2023/07/15


Nullius In Verba Ex Machina




As I start to rely more and more on large language models for learning new things, I can't help but feel hesitation when it comes to treating these models as an authoritative source.



I thought that this was due to the nascency of the technology and that I just needed to wait a year or two before I can give the same credence to their outputs as I would a Wikipedia article. After some more thought I realized that this issue wasn't just between large language models and myself, but between myself and knowledge more generally.



I was also guilty of the very same deference to authority when it came to professors, textbooks, and other academic literature. The real problem wasn't that I was looking for an authoritative source of knowledge in the wrong place, but that I was looking for an authoritative source of knowledge in the first place.
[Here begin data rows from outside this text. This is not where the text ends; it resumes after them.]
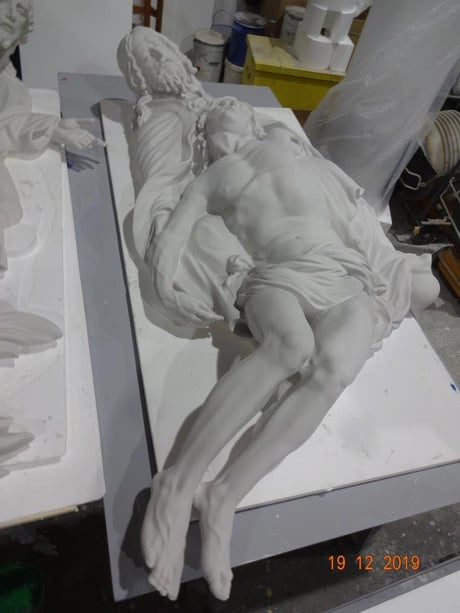 Talla ampliación sobre núcleo de poliestireno, revestido.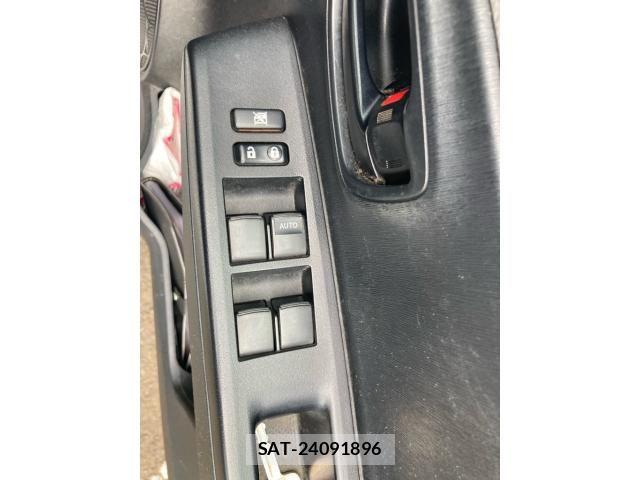 Toyota VITZ 2011-07 8369622-5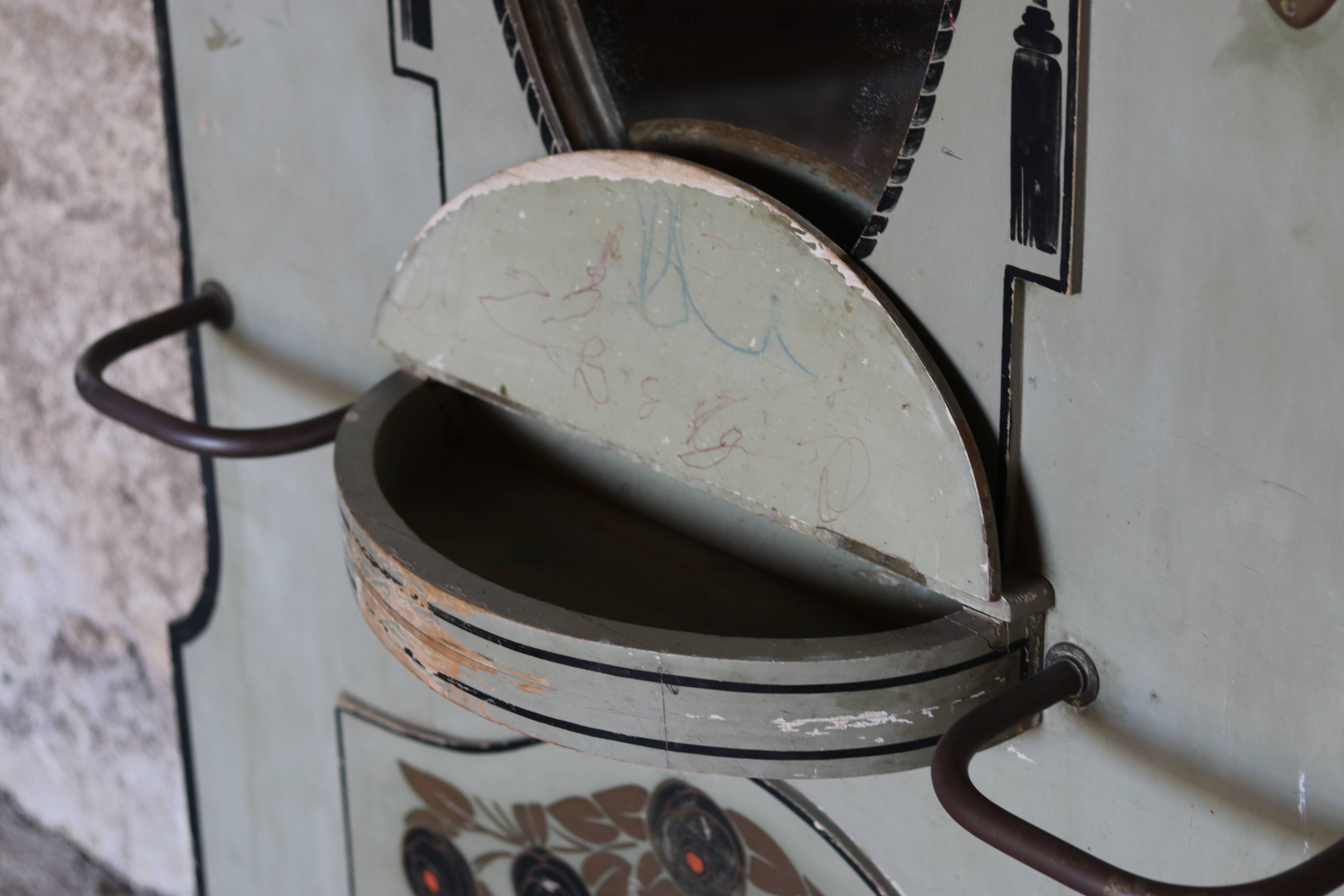 Grand vestiaire Art Deco en bois et laiton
In order to learn something viscerally, one's feedback must come directly from Reality itself, namely nature and free markets. This is done via the creative process of conjecture and experimentation. Such an intimate relationship between a person and their environment cannot presently be outsourced to another. As any external communication (eg. written natural language) automatically subjects the raw information to lossy compression and therefore necessarily adds some amount of noise to the signal. While our existing forms of communication are definitely "good enough" for practical purposes in a group setting, I still believe that the reason why some individuals can grok things so much more effectively than others is because one way or another they were able to figure it out themselves by creating their own personal conjectures and experiments.



Information Exchange Diagram

I am reminded of the Royal Society's motto: "Nullius in verba" as well as the plot device: "Deus ex machina", which respectively mean something along the lines of "on the word of no one" and "God from the machine".